As manas Haim foram muita parra e pouca uva. Há canções pop interessantes mas depois pelo meio parece surgir uma necessidade exagerada de querer demonstrar que sabem improvisar e rockar, o que leva a que o concerto perca um pouco a direcção. Também não ajudou muito alguém como Caetano Veloso ter actuado antes e ter deixado a fasquia muito elevada.
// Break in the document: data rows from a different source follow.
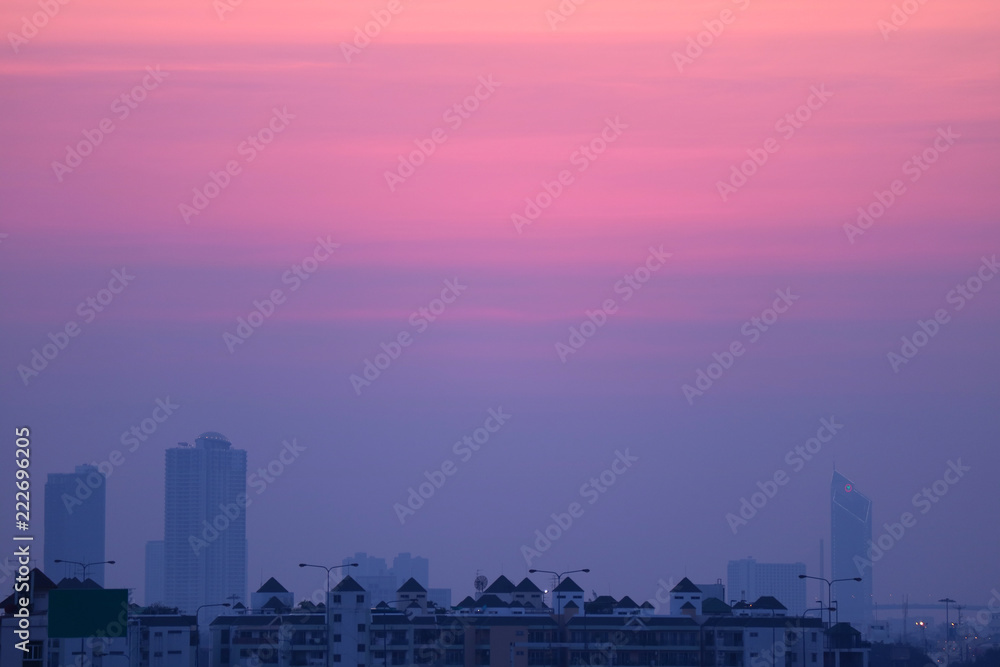 Beautiful purple blue sunset sky over the high buildings of Bangkok suburb, Thailand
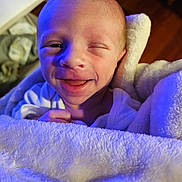 Wyatt joined the competition — help win amazing prizes! baby, infant, blanket, smile, face, winking, newborn, cozy, soft, wrapped, cute, skin, hand, expression, portrait, warm, indoor, closeup, happy, child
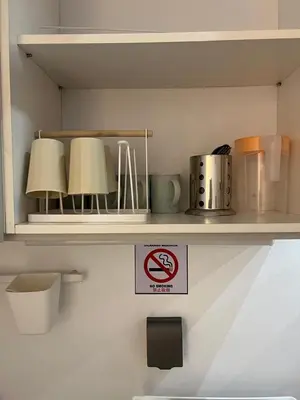 a shelf with three lamps and a no smoking sign at Matt suite home in Kuala Lumpur
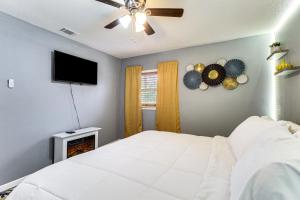 een slaapkamer met een wit bed en een flatscreen-tv bij Inviting Savannah Home with Yard 3 Mi to Downtown! in Savannah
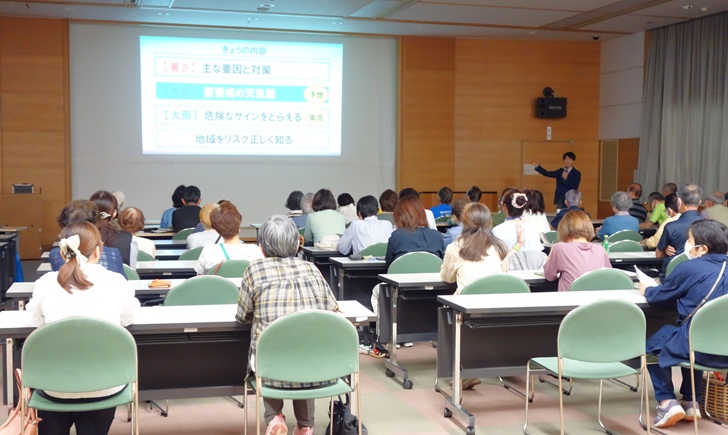 勉強会の写真。参加者の後ろから撮影。画像右奥に講師が立ち、スクリーンに表示されたスライドの説明をしている。「きょうの内容」として、暑さの主な要因と対策や大雨に関することなどの目次が書かれている。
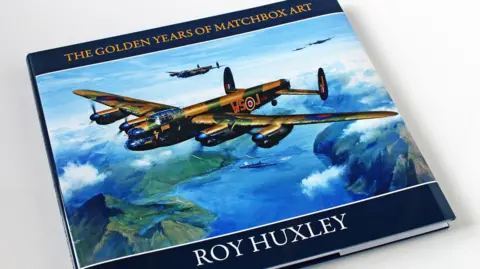 The cover of a hard-backed book. The cover features a painting of four military aircraft flying over blue water, white blobs of cloud, and green hills. A ship is sailing on the water below the planes. Across the top of the cover are the words: "THE GOLDEN YEARS OF MATCHBOX ART", written in yellow on a blue background. Across the bottom are the words: "ROY HUXLEY", written in white on a blue background.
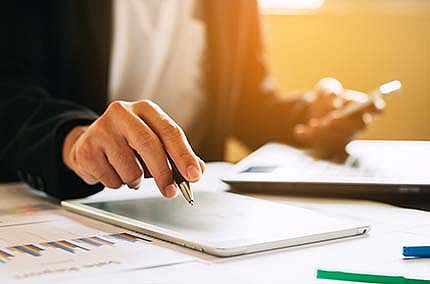 Symbol: Business person analyzing financial statements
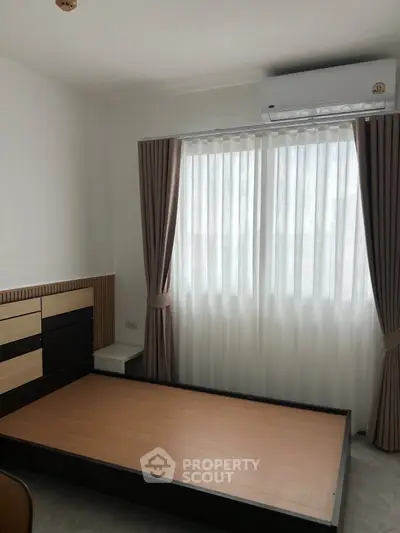 Modern bedroom with natural light and air conditioning, featuring sleek design and neutral tones.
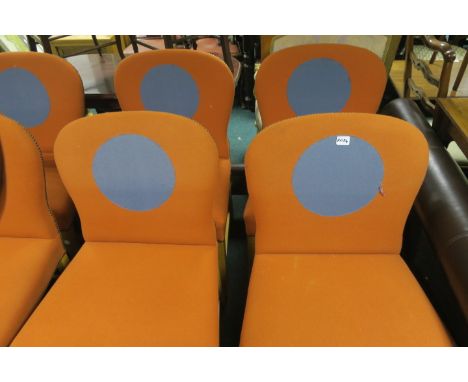 A SET OF SIX MODERN UPHOLSTERED DINING ROOM CHAIRS OF LARGE PROPORTIONS the orange felt upholstered backs centred by a blue p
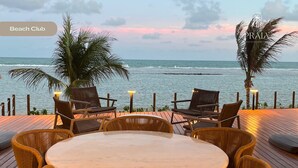 Een strandbar met een ronde tafel en stoelen, palmbomen en uitzicht op de oceaan.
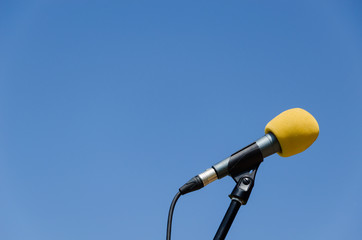 yellow microphone blue sky bakcground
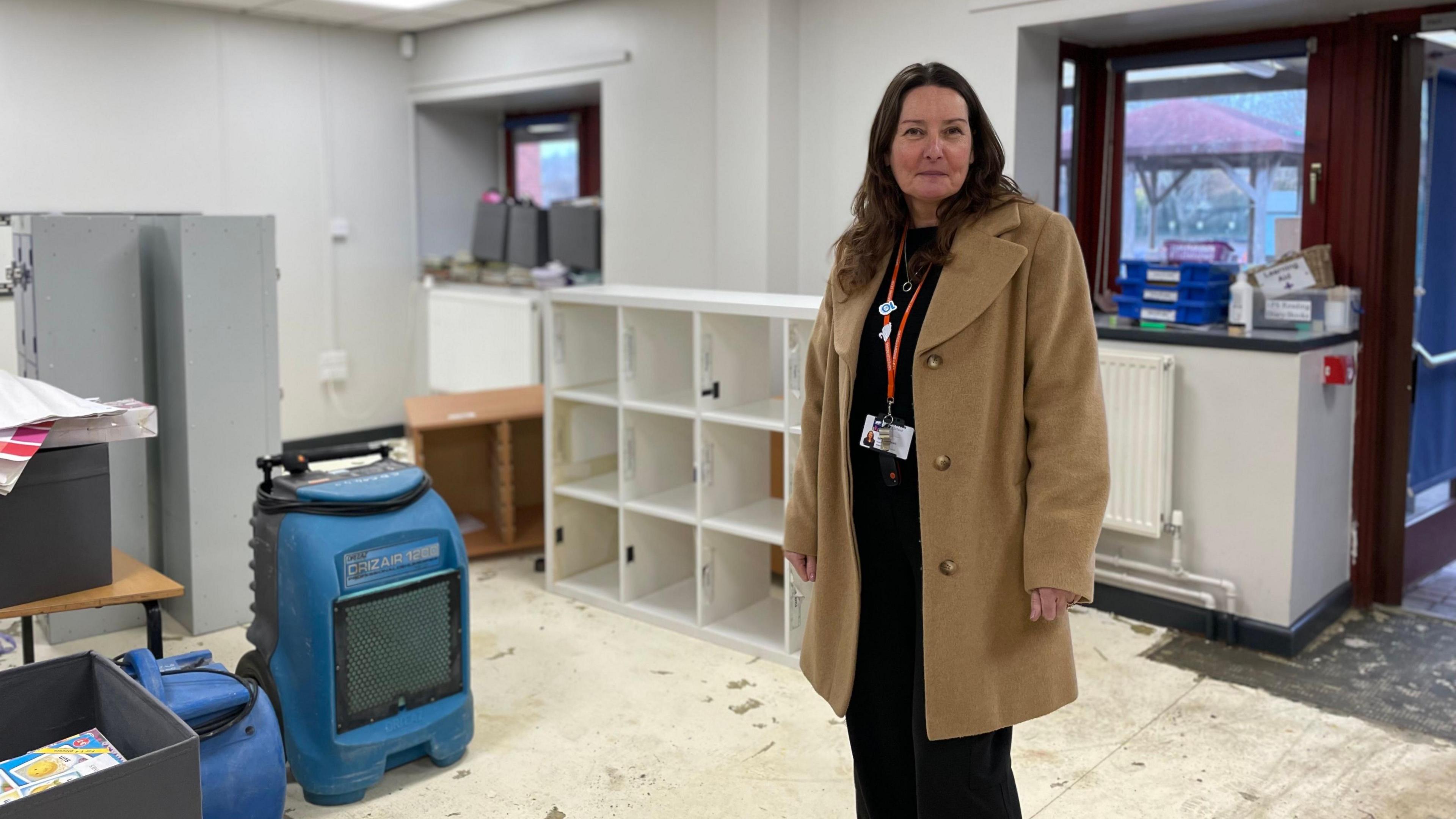 Joanne Andrews stood in a classroom where the flooring has been taken out. A humidifier is on the left 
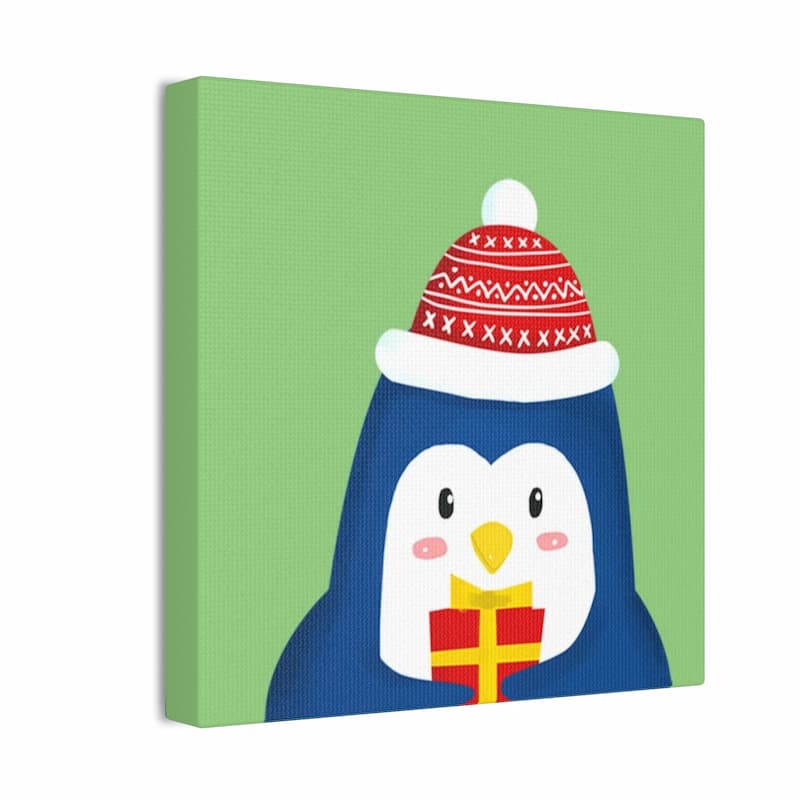 Canvas print of a penguin wearing a Christmas hat on a green background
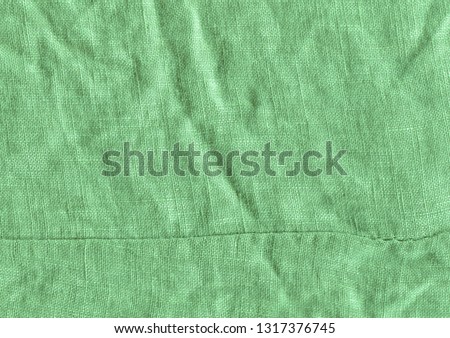 Green fabric surface for background. Green linen texture. Green flaxen background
É-me extremamente complicado escrever sobre hip hop. Em primeiro lugar porque não é um género que me agrade particularmente e em segundo lugar porque também não possuo muitas bases de comparação (ou nenhumas mesmo…). De qualquer maneira aí vai… Kendrick Lamar pode ter apenas 26 anos mas porta-se como um veterano em palco. É um MC experiente e com um enorme talento quer a debitar as rimas quer a controlar o (muito) público que estava lá para o ver. Uma clara mais-valia foi a inclusão de um banda com baixo, guitarra e bateria. O som ganha. Torna-se mais orgânico. Os samples são os suficientes. Parece mais old school, soa melhor. No final não é só ele que parece surpreendido. Eu fiquei e muitos mais também. “I love you and I will be back”, foi assim, desta forma peremptória que se despediu. Mais uma estreia, curta, mas em grande.